Levothyroxine is an extremely fussy hormone and should always be taken on an empty stomach and then nothing apart from water for at least an hour after
Many people take Levothyroxine soon after waking, but it may be more convenient and perhaps more effective taken at bedtime
No other medication or supplements at same as Levothyroxine, leave at least 2 hour gap.
Some like iron, calcium, magnesium, HRT, omeprazole or vitamin D should be four hours away
(Time gap doesn't apply to Vitamin D mouth spray)
If you normally take levothyroxine at bedtime/in night ...adjust timings as follows prior to blood test
If testing Monday morning, delay Saturday evening dose levothyroxine until Sunday morning. Delay Sunday evening dose levothyroxine until after blood test on Monday morning. Take Monday evening dose levothyroxine as per normal
Unless very petite you are likely to need further increase in levothyroxine in coming year
guidelines on dose levothyroxine by weight
Even if we don’t start on full replacement dose, most people need to increase levothyroxine dose slowly upwards in 25mcg steps (retesting 6-8 weeks after each increase) until on, or near full replacement dose
Consider starting levothyroxine at a dosage of 1.6 micrograms per kilogram of body weight per day (rounded to the nearest 25 micrograms) for adults under 65 with primary hypothyroidism and no history of cardiovascular disease.
Traditionally we have tended to start patients on a low dose of levothyroxine and titrate it up over a period of months.
RCT evidence suggests that for the majority of patients this is not necessary and may waste resources.
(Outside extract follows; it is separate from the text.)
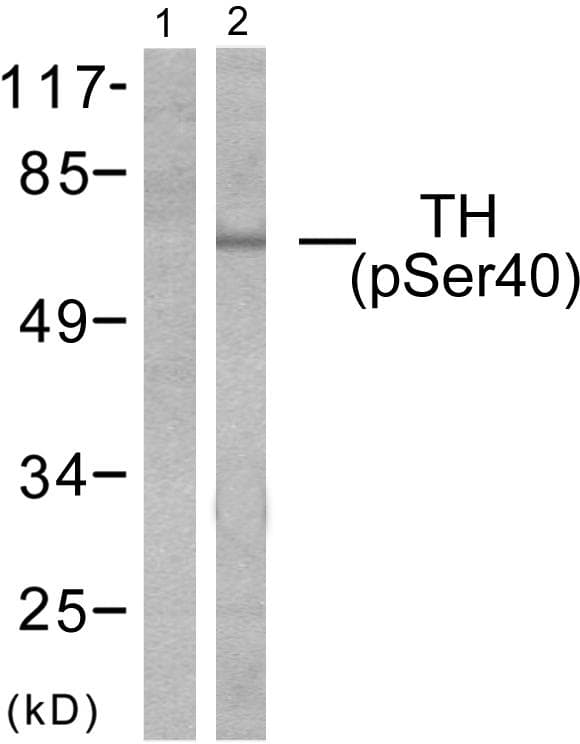TH / Tyrosine Hydroxylase Antibody (phospho-Ser40)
For patients aged >60y or with ischaemic heart disease, start levothyroxine at 25–50μg daily and titrate up every 3 to 6 weeks as tolerated.
For ALL other patients start at full replacement dose. For most this will equate to 1.6 μg/kg/day (approximately 100μg for a 60kg woman and 125μg for a 75kg man).
If you are starting treatment for subclinical hypothyroidism, this article advises starting at a dose close to the full treatment dose on the basis that it is difficult to assess symptom response unless a therapeutic dose has been trialled.
A small Dutch double-blind cross-over study (ArchIntMed 2010;170:1996) demonstrated that night time rather than morning dosing improved TSH suppression and free T4 measurements, but made no difference to subjective wellbeing. It is reasonable to take levothyroxine at night rather than in the morning, especially for individuals who do not eat late at night.
I am currently my heaviest at 10st 10lbs my weight has pilled on over the years! I am around 5'7 in height too. Again I will take note and push my Drs!
Thank you sooo much! You've been a great help! I am so thankful I have found this forum/group!